Jürgen DomianEin gewagtes Experiment also...

Ja, absolut. Es war und ist ein Projekt, das allen sonstigen Regeln und Gewohnheiten der modernen Medienwelt widerspricht. Deswegen auch der späte Sendeplatz. Es war ein Wagnis: Eine Kamera, kein optischer Schnickschnack, nur ein Moderator, der da sitzt und nichts anderes macht als telefoniert - und das im Fernsehen. Das war eine Sensation. Und es ist heute mehr denn je eine Sensation. Langlaufende Formate neigen zu irgendwann abfallenden Quoten. Wir aber erreichen zum 15. Geburtstag Höchstwerte. Hinter uns liegt der erfolgreichste Quartal seit Bestehen der Sendung. Bundesweit reichen wir bis zu 300.000 Zuschauer - und das um die späte Zeit.

Aber inzwischen müsste dann doch auch das WDR Fernsehen erkannt haben, dass ein früherer Sendeplatz vielleicht attraktiver wäre oder nicht?

Mir wäre Mitternacht auch viel lieber, und wir würden dann noch mehr Leute erreichen. Dafür aber müsste das gesamte Abendprogramm des WDR Fernsehens umstrukturiert werden. Ein radikaler Schritt, der den anderen Redaktionen, die ihre Sendezeit abgeben müssten, nicht zuzumuten wäre. Das kann ich verstehen. Also bleibt es wie es ist.

Dann lassen Sie uns doch mal konkret über die Sendung sprechen. Wie lange brauchen Sie denn inzwischen bis Sie bei einem Anrufer merken in welche Richtung sein Thema geht?

Schöne Frage (überlegt). Also ohne zu übertreiben glaube ich, dass ich so nach 10 oder 15 Sekunden grob weiß, in welche Richtung das Gespräch laufen wird. Aber natürlich täusche ich mich auch manchmal. Nach 18.000 Interviews liegt aber ein gutes Training hinter mir. Man schärft seine Sinne und achtet auf Stimme, Atmung, Pausen, Räuspern, Wortwahl usw.

 

Schneller könnten Sie die Anrufer wohl nur noch erkennen, wenn Sie Gedanken lesen könnten...

(lacht) In der Tat ist die Idee zu meinem neuen Roman „Der Gedankenleser“ durch die Sendung entstanden, weil ich durch die vielen Interviews in so viele Köpfe und Gedanken hineingelauscht habe.
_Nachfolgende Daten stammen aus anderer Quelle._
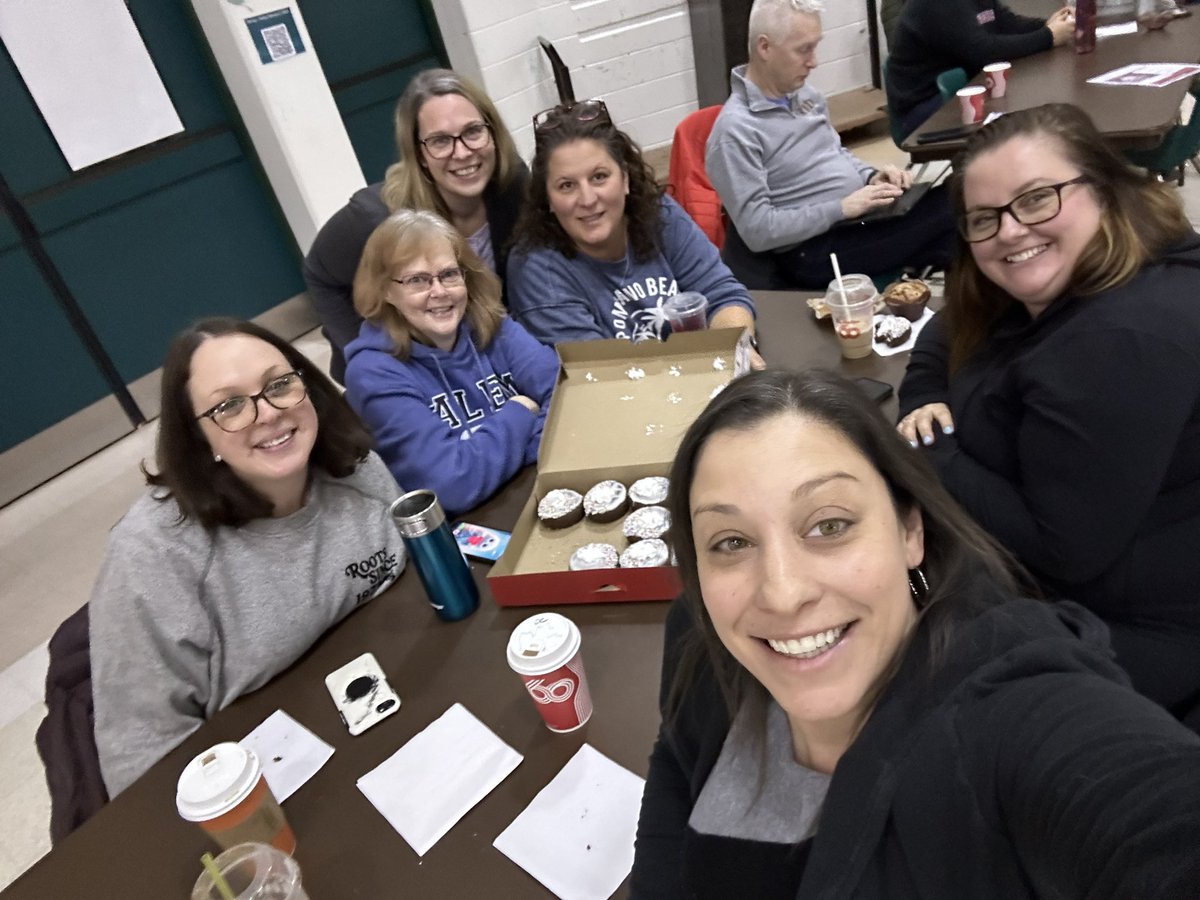 Blessed to #ChoosetoInclude with colleagues from <a href="/alcdsb_marg/">St. Marguerite B. CS</a> in support of <a href="/SOOntario/">Special Olympics Ontario</a> and <a href="/ktown_special_o/">SpecialOlympicsKgstn</a> . 🤜🤛 <a href="/alcdsb/">ALCDSB</a>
Ich selbst aber möchte keine Gedanken lesen können. Man würde daran vermutlich verzweifeln und vereinsamen. So geht es dem Protagonisten meines Buches ja zunächst auch. Unser Gehirn scheint nicht konzipiert zu sein für die reine Wahrheit.

Welche Anrufer sind Ihnen eigentlich lieber: Die, die einfach nur mal etwas erzählen wollen oder die, die ratlos nach Antworten suchen?

Schwer zu sagen. Ja, es gibt die, die einfach etwas erzählen wollen. Oftmals, weil sie sonst keinen Gesprächspartner haben. Das kann durchaus spannend und interessant sein. Die größere Herausforderung allerdings sind die Telefonate, in denen es um ein konkretes Problem geht. Ich muss dann nicht nur reagiere sondern auch agieren.